+++ Records for this exercise +++
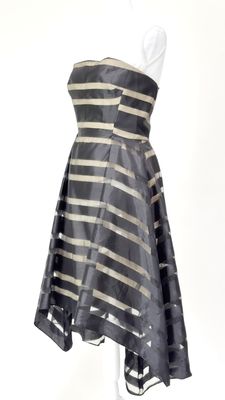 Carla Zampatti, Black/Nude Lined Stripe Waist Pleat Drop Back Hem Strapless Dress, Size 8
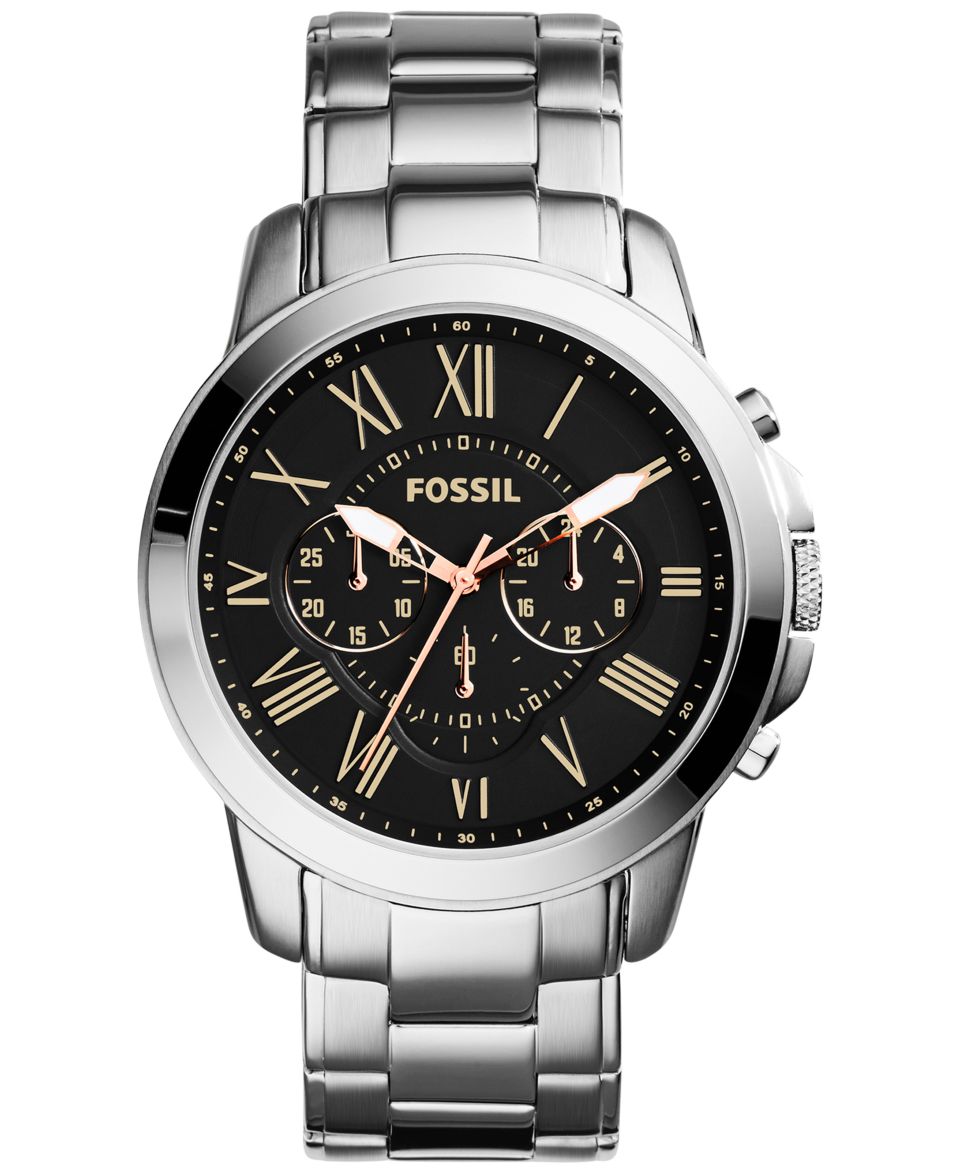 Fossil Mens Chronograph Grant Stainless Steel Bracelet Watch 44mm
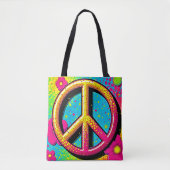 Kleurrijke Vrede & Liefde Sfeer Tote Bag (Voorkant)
+++
+++ Records for this exercise +++
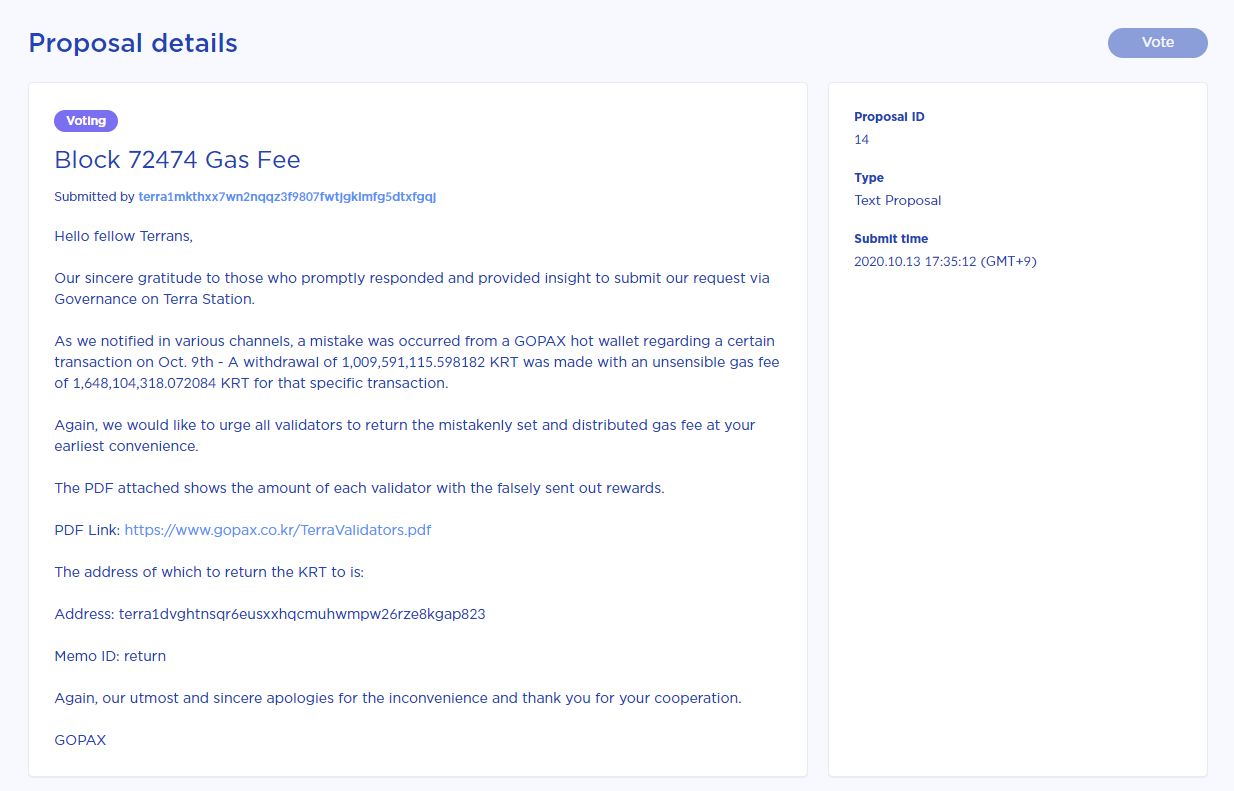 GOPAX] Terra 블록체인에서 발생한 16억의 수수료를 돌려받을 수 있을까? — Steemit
+++
+++ Records for this exercise +++
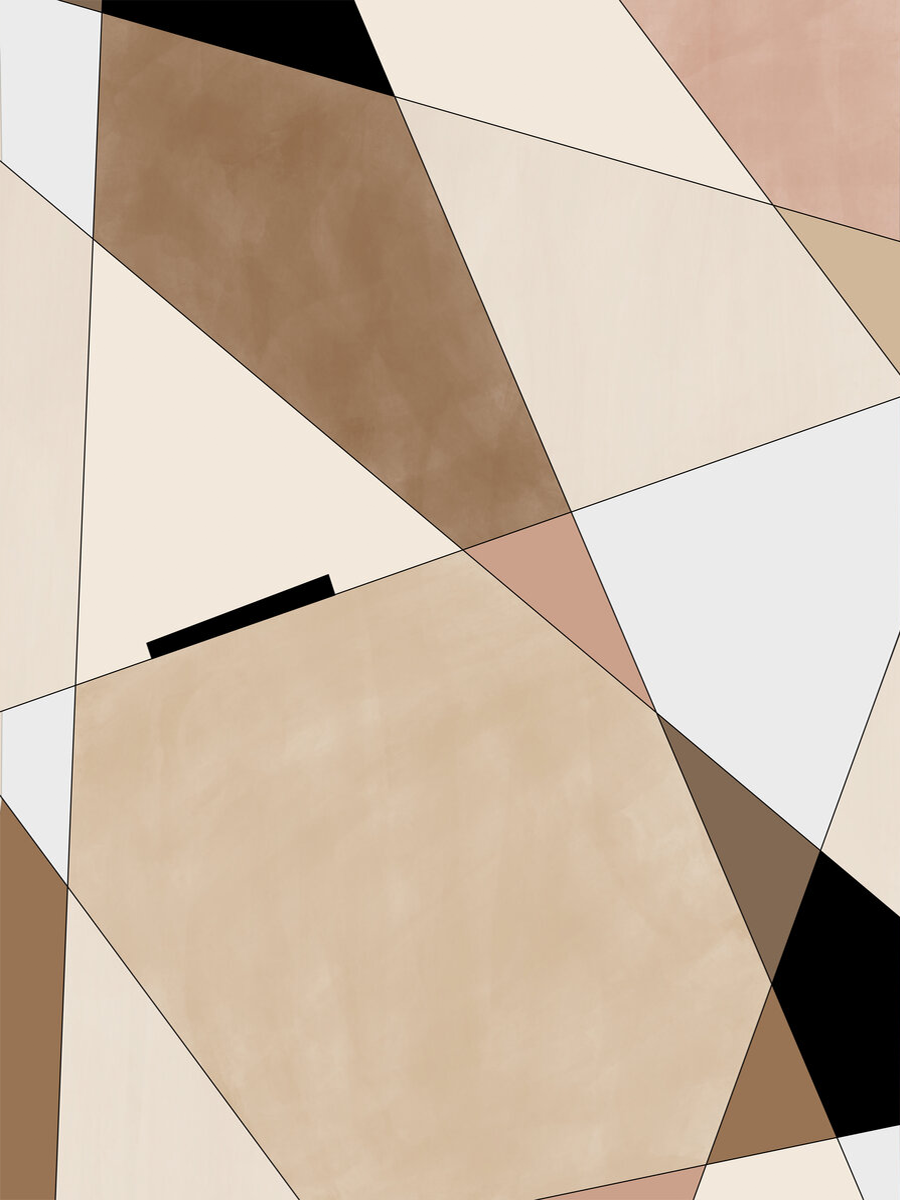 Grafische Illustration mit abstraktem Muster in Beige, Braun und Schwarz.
+++
* _Task directions_
Look above for the line with "Carla Zampatti, Black/Nude" and the line with "Kleurrijke Vrede &", then restate exactly those two lines and all lines between them, with no pictures.

* _Response below_
 Carla Zampatti, Black/Nude Lined Stripe Waist Pleat Drop Back Hem Strapless Dress, Size 8
 Fossil Mens Chronograph Grant Stainless Steel Bracelet Watch 44mm
 Kleurrijke Vrede & Liefde Sfeer Tote Bag (Voorkant)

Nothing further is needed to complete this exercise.